Don't judge a book by its cover, dit-on (et on peut le dire aussi en français). Certes, l'habit ne fait pas le moine. Mais il y a des couvertures qui vous accrochent immédiatement et vous donnent irrémédiablement envie d'en savoir plus, de se laisser emporter dans un tout autre monde, de bruit et de fureur. C'est précisément le cas de ce premier roman, la grosse sortie fantasy de Orbit UK en ce début d'année 2012. L'éditeur avait d'ailleurs organisé une semaine spéciale sur son blog afin de faire monter la pression autour de cette parution.
Alors, bien sûr, partir avec un a priori positif ne garantit rien. Surtout qu'en se penchant sur la quatrième de couverture de l'ouvrage ou bien sur ses extraits publiés en ligne, on pouvait déjà se dire que celui-ci ne remporterait pas le grand prix de l'originalité. Et une fois le roman lui-même ingurgité, il faut bien se rendre compte que notre intuition première était la bonne : John R. Fultz a écrit ici le premier tome d'une trilogie (et là, tout est dit !) de fantasy épique qui joue avant tout la carte d'un retour aux fondamentaux du genre. Pas plus, pas moins.
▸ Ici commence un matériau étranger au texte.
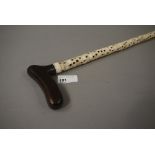 A vertebrae walking cane with treen hand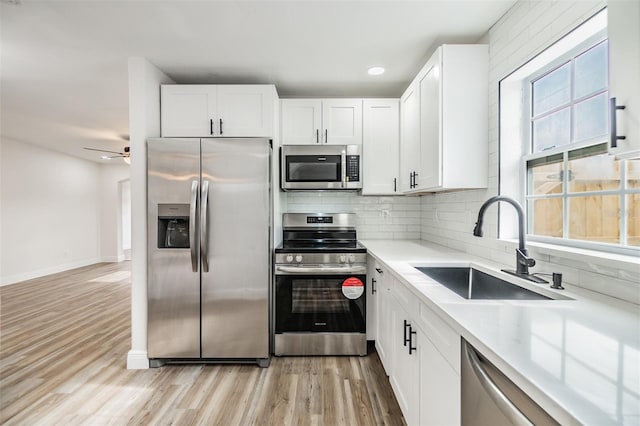 kitchen with sink, light wood-type flooring, white cabinets, and appliances with stainless steel finishes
Mais l'auteur le fait avec une générosité de tous les instants qui aboutit donc à une lecture diablement fun. Prenons quelques noms tirés de la toute première page du roman : Yaskatha, Trimesqua, Elhathym, D'zan... Le ton est donné. Oui, c'est bien ce genre de romans de fantasy. Un roman aussi riche en noms exotiques qu'en créatures fabuleuses. Préparez-vous à en croiser un bon paquet de chapitre en chapitre, pour ne pas dire d'une page à l'autre.
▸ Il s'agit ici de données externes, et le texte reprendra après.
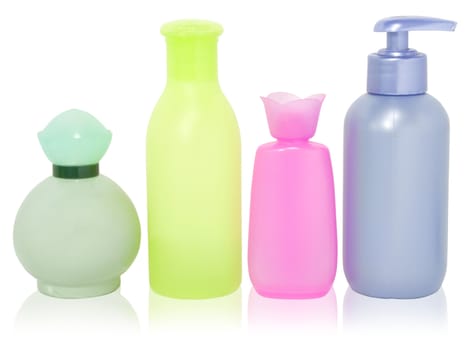 set of different colorful cosmetics bottles isolated over white with clipping path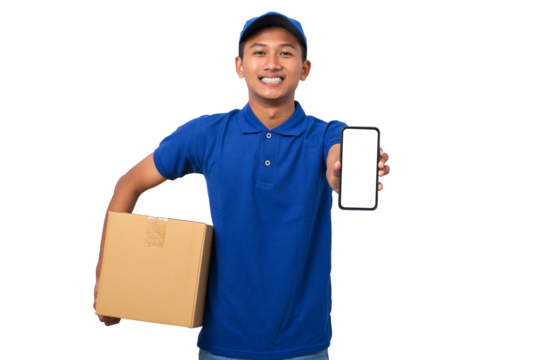 Asian delivery man wearing blue uniform holding cardboard box showing smartphone with blank screen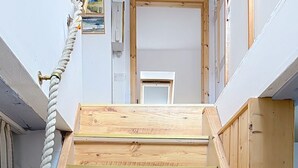 Una escalera de madera con barandal de cuerda que lleva a una puerta con un pequeño ventanal.
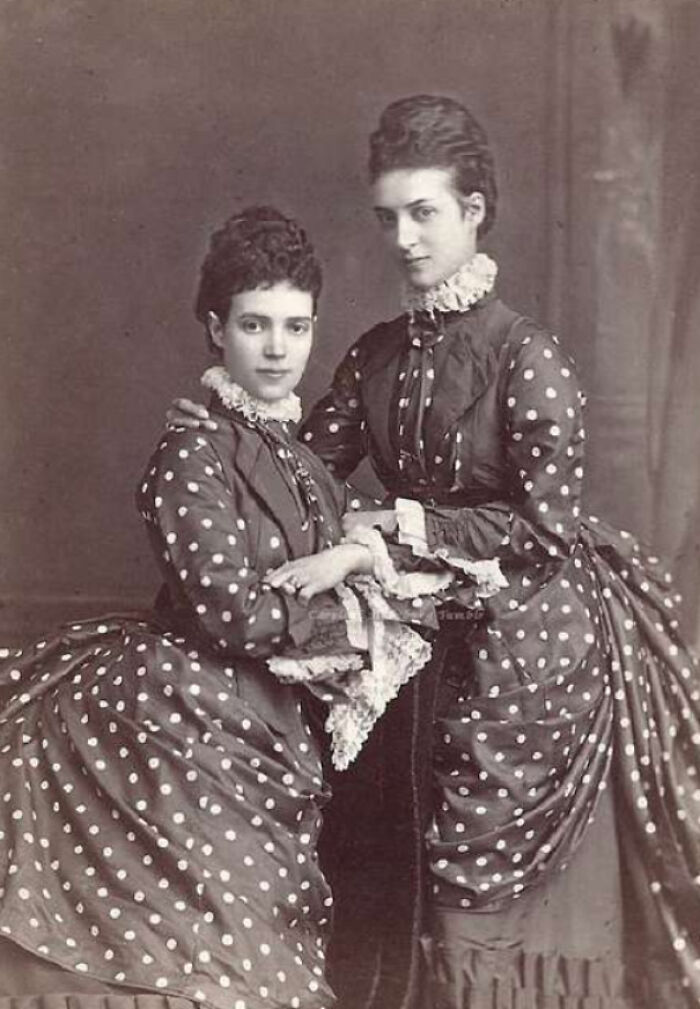 Women In Matching Dotty Dresses With Lace Cuffs, Circa 1875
L'intrigue en elle-même fait au plus simple, avec son monde à sauver du chaos grâce à l'alliance de sept princes (quelle surprise !) et les personnages eux-mêmes sont esquissés juste ce qu'il faut pour prendre vie, sans pour autant se révéler unidimensionnels. Chacun joue ici en fait le rôle qu'on attend de lui. Ni plus, ni moins, là encore.
Fultz ne cherche donc pas à faire compliqué et les motivations de ses personnages sont aussi évidentes que percutantes. Cette simplicité contribue à donner au récit un rythme des plus soutenus, avec en moyenne un rebondissement de plus ou moins grande ampleur toutes les 10 pages. On sent bien que l'auteur aime ce qu'il fait. Un peu trop peut-être : sur la longueur, on finit par se dire que quelques passages auraient sans doute pu être élagués de la version finale.
Pour en revenir à l'auteur, celui-ci se dit grand amateur des écrits de Tanith Lee ou Lord Dunsany. De bien belles références. Qu'on ne retrouve pas vraiment sur la forme. John R. Fultz se dit également fan du travail Frank Frazetta : voilà déjà une comparaison plus parlante, tant certaines scènes semblent littéralement sorties d'une peinture du célèbre artiste. Et si certaines descriptions frisent le pastiche, l'auteur n'en est pas moins sincèrement attaché à ce type de représentations.
Bref, si vous êtes amateurs de récits bigger than life, de romans au bestiaire aussi varié que généreux, de quête épique dans un univers coloré, de lutte manichéenne entre le Bien et le Mal, ce roman devrait grandement vous divertir, voire vous combler.
Le tout en gardant bien à l'esprit que l'on est loin de la veine terre-à-terre des auteurs récemment apparus et célébrés ces dernières années comme Joe Abercrombie ou Brian Ruckley.